**WHAT NEEDS TO BE DONE**
Return the lines from the start of the data through the line with "Toyota anh20 ggh20". Include both of those lines and no others.

**Data records**

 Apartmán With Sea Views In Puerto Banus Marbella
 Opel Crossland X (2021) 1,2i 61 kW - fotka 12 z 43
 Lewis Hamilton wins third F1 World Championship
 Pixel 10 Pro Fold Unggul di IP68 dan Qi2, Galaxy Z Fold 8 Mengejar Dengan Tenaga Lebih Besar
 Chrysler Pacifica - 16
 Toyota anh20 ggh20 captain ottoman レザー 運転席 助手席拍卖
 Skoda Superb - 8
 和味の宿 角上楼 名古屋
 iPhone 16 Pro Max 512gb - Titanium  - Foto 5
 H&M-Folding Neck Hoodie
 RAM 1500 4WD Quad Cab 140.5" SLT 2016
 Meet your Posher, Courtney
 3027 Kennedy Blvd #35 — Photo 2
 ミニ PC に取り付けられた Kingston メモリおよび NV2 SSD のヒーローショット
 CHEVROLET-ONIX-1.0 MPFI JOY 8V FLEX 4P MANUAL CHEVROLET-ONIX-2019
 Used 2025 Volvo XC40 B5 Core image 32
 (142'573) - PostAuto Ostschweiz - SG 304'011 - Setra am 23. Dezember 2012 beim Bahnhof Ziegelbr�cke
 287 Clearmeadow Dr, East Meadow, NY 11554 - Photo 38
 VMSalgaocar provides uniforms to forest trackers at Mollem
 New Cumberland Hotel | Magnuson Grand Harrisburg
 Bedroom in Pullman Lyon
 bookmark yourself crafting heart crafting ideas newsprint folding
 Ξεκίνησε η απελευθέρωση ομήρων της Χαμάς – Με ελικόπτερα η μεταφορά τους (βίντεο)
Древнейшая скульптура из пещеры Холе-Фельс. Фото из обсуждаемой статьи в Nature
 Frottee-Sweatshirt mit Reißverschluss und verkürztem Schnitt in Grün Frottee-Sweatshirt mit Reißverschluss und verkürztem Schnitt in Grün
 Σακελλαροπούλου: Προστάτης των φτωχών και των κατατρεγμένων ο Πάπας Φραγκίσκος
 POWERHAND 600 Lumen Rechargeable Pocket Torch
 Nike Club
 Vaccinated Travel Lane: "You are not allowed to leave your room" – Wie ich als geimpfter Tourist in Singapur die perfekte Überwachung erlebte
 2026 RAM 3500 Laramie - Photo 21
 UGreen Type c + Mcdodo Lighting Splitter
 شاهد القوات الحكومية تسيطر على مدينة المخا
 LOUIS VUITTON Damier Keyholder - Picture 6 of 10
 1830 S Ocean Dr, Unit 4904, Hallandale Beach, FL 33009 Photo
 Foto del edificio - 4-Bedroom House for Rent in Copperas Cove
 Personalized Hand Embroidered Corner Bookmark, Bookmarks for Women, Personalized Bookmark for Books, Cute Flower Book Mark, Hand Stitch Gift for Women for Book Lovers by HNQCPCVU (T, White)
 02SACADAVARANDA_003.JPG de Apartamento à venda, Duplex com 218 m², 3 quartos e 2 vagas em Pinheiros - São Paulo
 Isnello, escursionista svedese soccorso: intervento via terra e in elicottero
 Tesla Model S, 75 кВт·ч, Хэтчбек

**REPLY TO THE EXERCISE**
 Apartmán With Sea Views In Puerto Banus Marbella
 Opel Crossland X (2021) 1,2i 61 kW - fotka 12 z 43
 Lewis Hamilton wins third F1 World Championship
 Pixel 10 Pro Fold Unggul di IP68 dan Qi2, Galaxy Z Fold 8 Mengejar Dengan Tenaga Lebih Besar
 Chrysler Pacifica - 16
 Toyota anh20 ggh20 captain ottoman レザー 運転席 助手席拍卖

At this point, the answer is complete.